Avoid blocking operations#

While this might require more invasive application-level changes, it is often recommended that any blocking operation in an iterative loop is delayed as much as possible. Blocking can occur when there is data-dependency between execution of tasks. In the example below, the runtime will be blocked until the result from norm < tolerance is available since norm needs to be fetched from the processor it is running on to evaluate the conditional.
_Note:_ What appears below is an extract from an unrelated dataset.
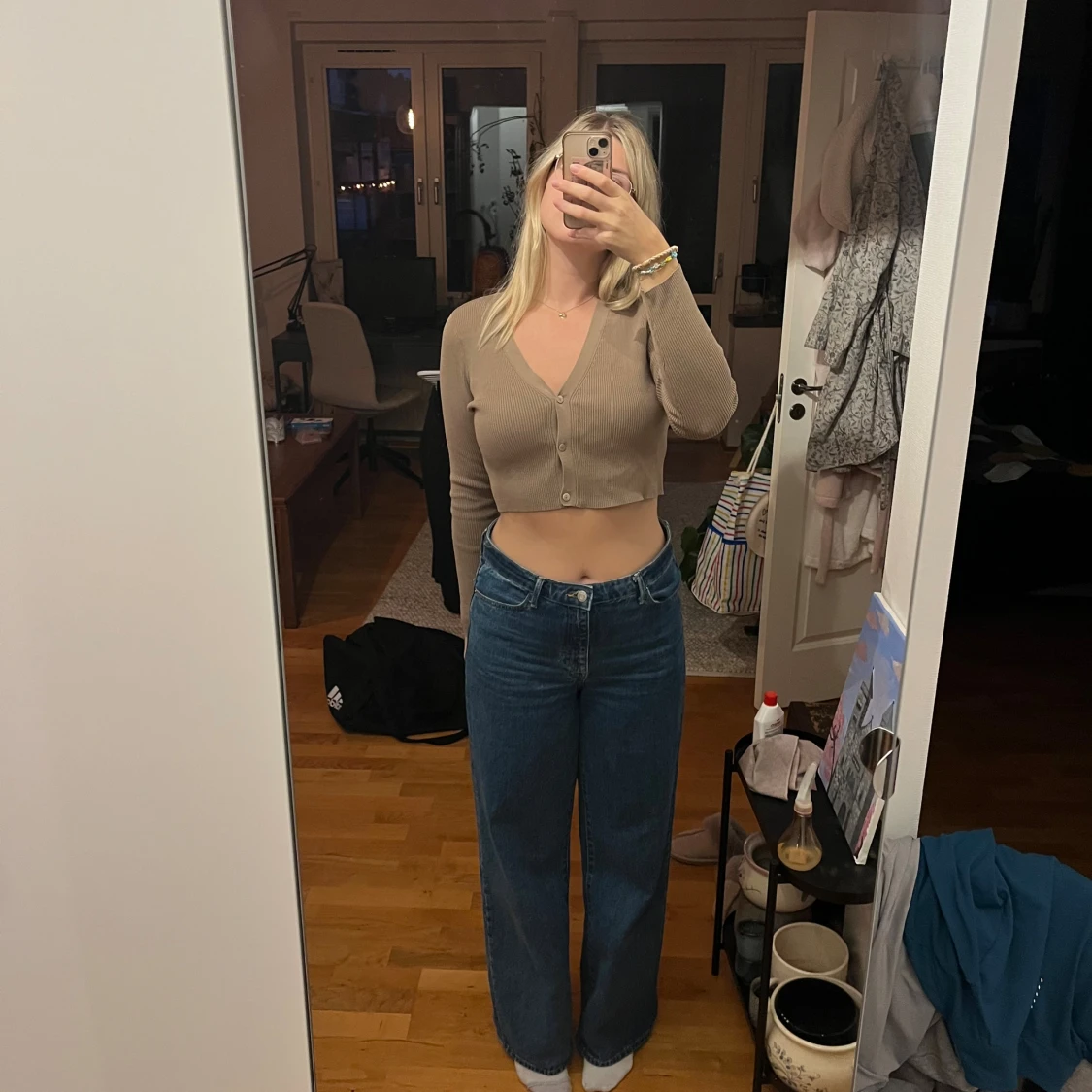 Beige croppad ribbad topp från NA-KD - 1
The current recommended best practice is to design applications such that these blocking operations are done as sparingly as possible, as permitted by the computations performed inside the iterative loop. This might manifest in different ways in applications, so only one illustrative example is provided here.

import cunumeric as np

# compute() does some computations and returns a multi-dimensional
# cuNumeric array. The application stops after the iterative computation
# is converged

# Acceptable: Performing convergence checks every iteration
for i in range(niterations):
    x_current = compute()
    if i > 0:
        norm = np.linalg.norm(x_current - x_prev)
        if norm < tolerance:
            break
    x_prev = x_current.copy()

# Recommended: Reduce the frequency of convergence checks
every_niter = 5
for i in range(niterations):
    x_current = compute()
    if i > 0 and i%every_niter == 0:
        norm = np.linalg.norm(x_current - x_prev)
        if norm < tolerance:
            break

# This could potentially be updated one iteration before the
# convergence check, but that's not done here
x_prev = x_current.copy()